Reframing a 21st Century Community is one of the five pillars of our region’s Transformation Plan. During the visioning process our community decided to “create compelling and genuine communication for and among all residents resulting in shared community pride and a positive position and reputation for the region” (Communications Impact Statement). We also desired to have “all residents in the Rockford Region see the community with new eyes. We want them to feel proud of where they live, have confidence in the future, and inspire others to conduct their lives in a way that promotes our region from within” (Living the Brand Impact Statement).
From “Rockford Making a Comeback” and “15 Best Places to Move to Before it Gets Crowded” to “Best in the Midwest” has dominated our headlines by credible sources since last fall. For many of you, this has been a “finally” moment that you feel others are recognizing the value you see in Rockford.
I applaud the Rockford Area Economic Development Council’s recent work to promote the assets of our region beyond the Rockford area. Residents and business leaders of other communities are looking at Rockford with new eyes, as a place to invest. The Rockford Area Convention & Visitors Bureau continues to drive the message internally and externally to Rockford as a destination to visit and stay a while. I also believe the Minding the Gap documentary is equally important to elevate the creative arts that originate here, while at the same time engage in systems change that leads to improving the quality of life and the Rockford experience for all.

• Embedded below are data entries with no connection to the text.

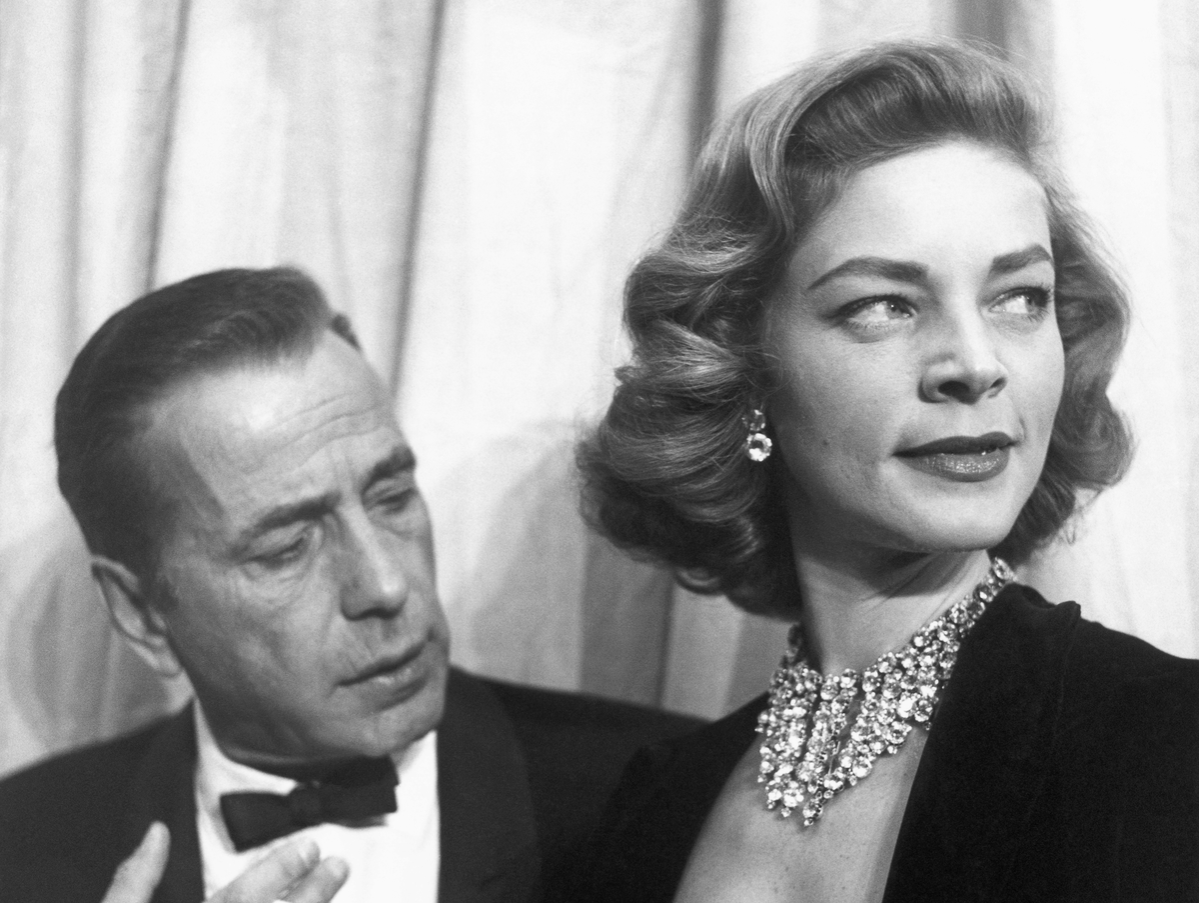 Actors Humphrey Bogart and Lauren Bacall attend the Academy Awards in 1955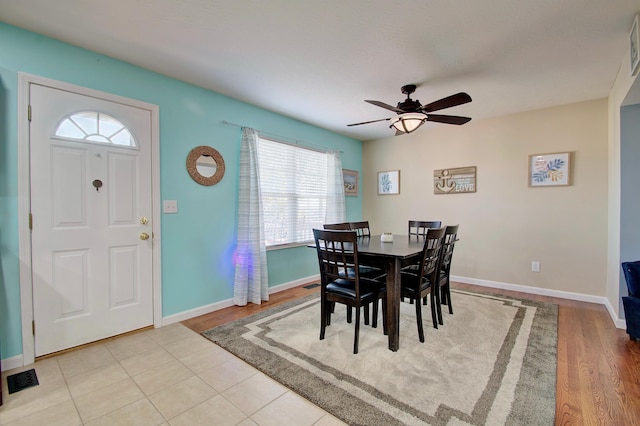 dining space with wood finished floors, visible vents, baseboards, and ceiling fan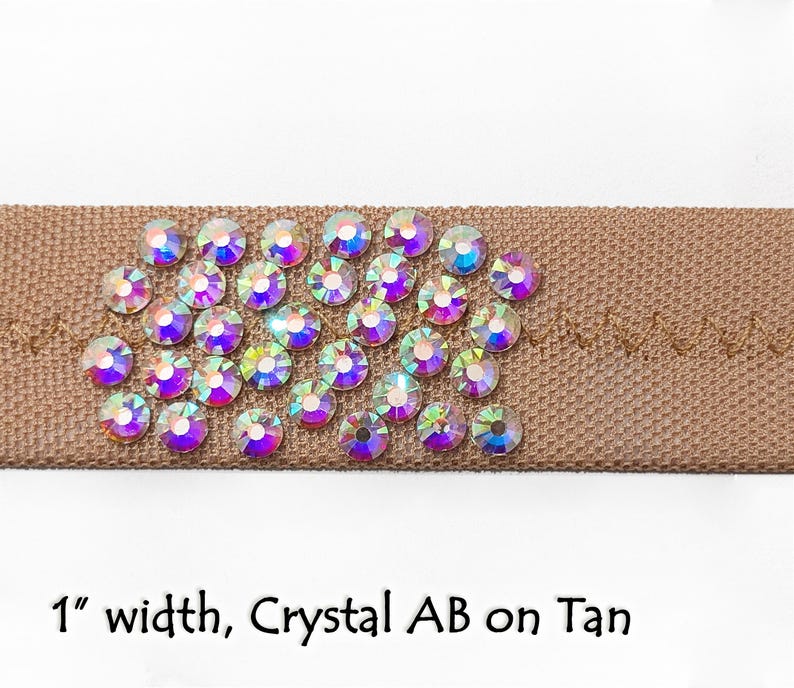 May include: A close-up of a 1 inch wide tan ribbon with crystal AB rhinestones. The rhinestones are arranged in a cluster and have a rainbow iridescent effect.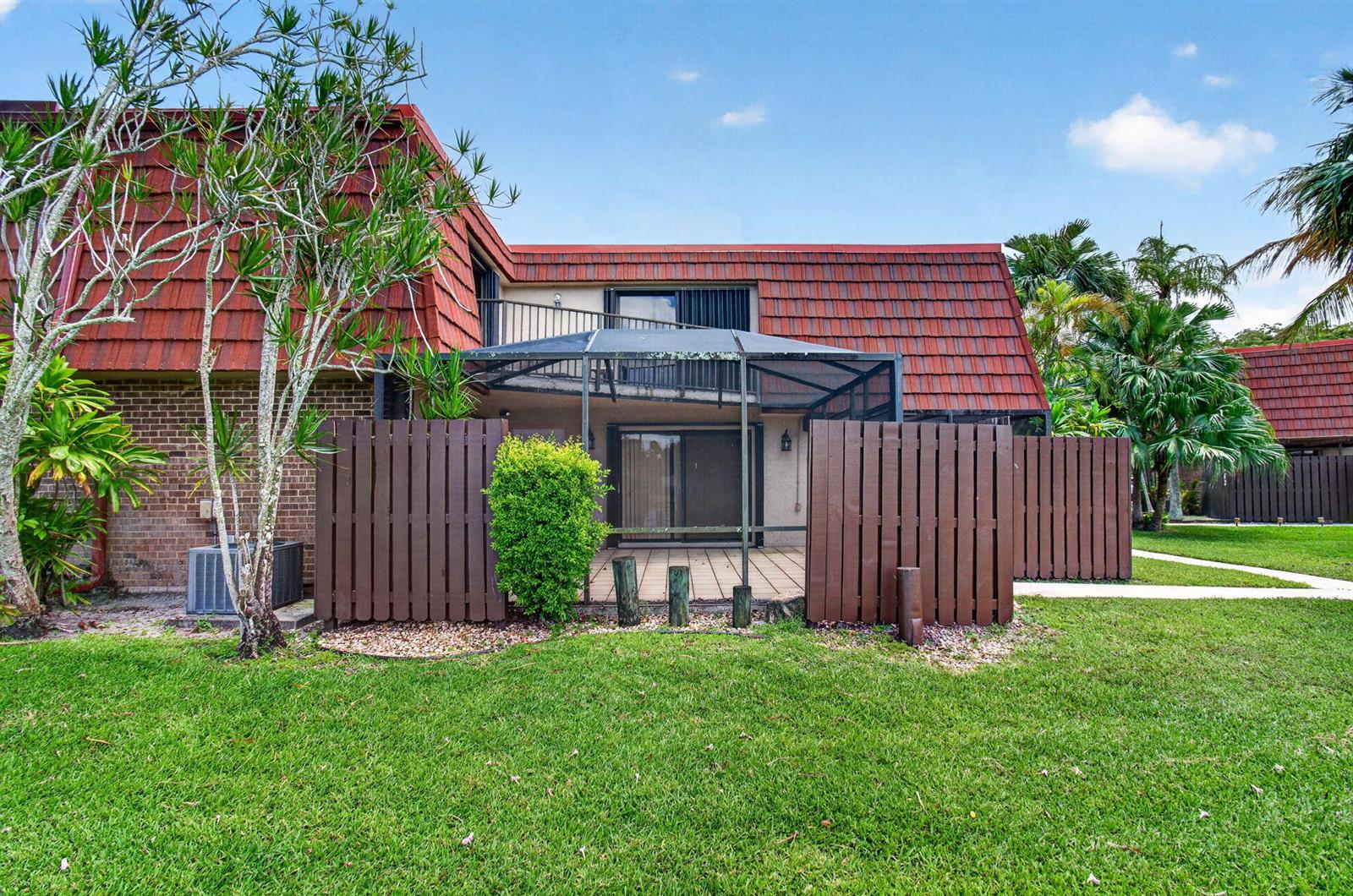 A two-story townhouse exterior with a screened-in patio, wooden privacy fence, and red tile roof — 8377 Boca Rio Drive, Boca Raton FL 33433, BOCA RATON, FL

However, for some, seeing these positive headlines about Rockford has only fueled disbelief that Rockford is not changing. For those individuals, the regional story may not align with their personal, family, work, or business story. But I want them to know that I too was not confident in Rockford at one point in my life. It was until I had a conversation with a successful African-American business owner who helped reframe how I saw Rockford and the opportunity I had to engage in changing the direction and destiny of our community. He helped me to see how I was letting one narrative shape my entire career decision and place to live. While I believed Rockford could be different, I was disengaging in the process that leads to a better narrative.
But I have to say, that narrative is emerging. I see a better narrative evolving that is inclusive of all sectors, faiths, residents, and community members. One resident that fits that narrative is Rockford native Jessica Gissal and husband Justin Collett. It was the accumulation of positive stories about our region that encouraged them to relocate their family from a condo in downtown Chicago, back to the forest city. Since moving here a year ago, the couple told me that they’ve found themselves enjoying many Rockford amenities and they even told me that they can tell there’s a lot of pride in the town.
And then there’s Rockford Public Library employee Aaron Carlin. He’s lived all over the U.S., most recently residing in the suburbs of Chicago. His job brought him and his entire family to Rockford and although he wasn’t born and raised here, he made the move knowing that Rockford is “turning around.” He loves our city because it offers a great blend of both urban and rural environments, providing his family with plenty of things to do.
It’s these types of stories that our governance, staff and volunteer teams are starting to hear more and more. And while we recognize that not everyone has had these types of experiences, we encourage you to engage in the transformation process so that this becomes the narrative experience by all. I also encourage all of us to ask ourselves “What narrative do we want to shape?”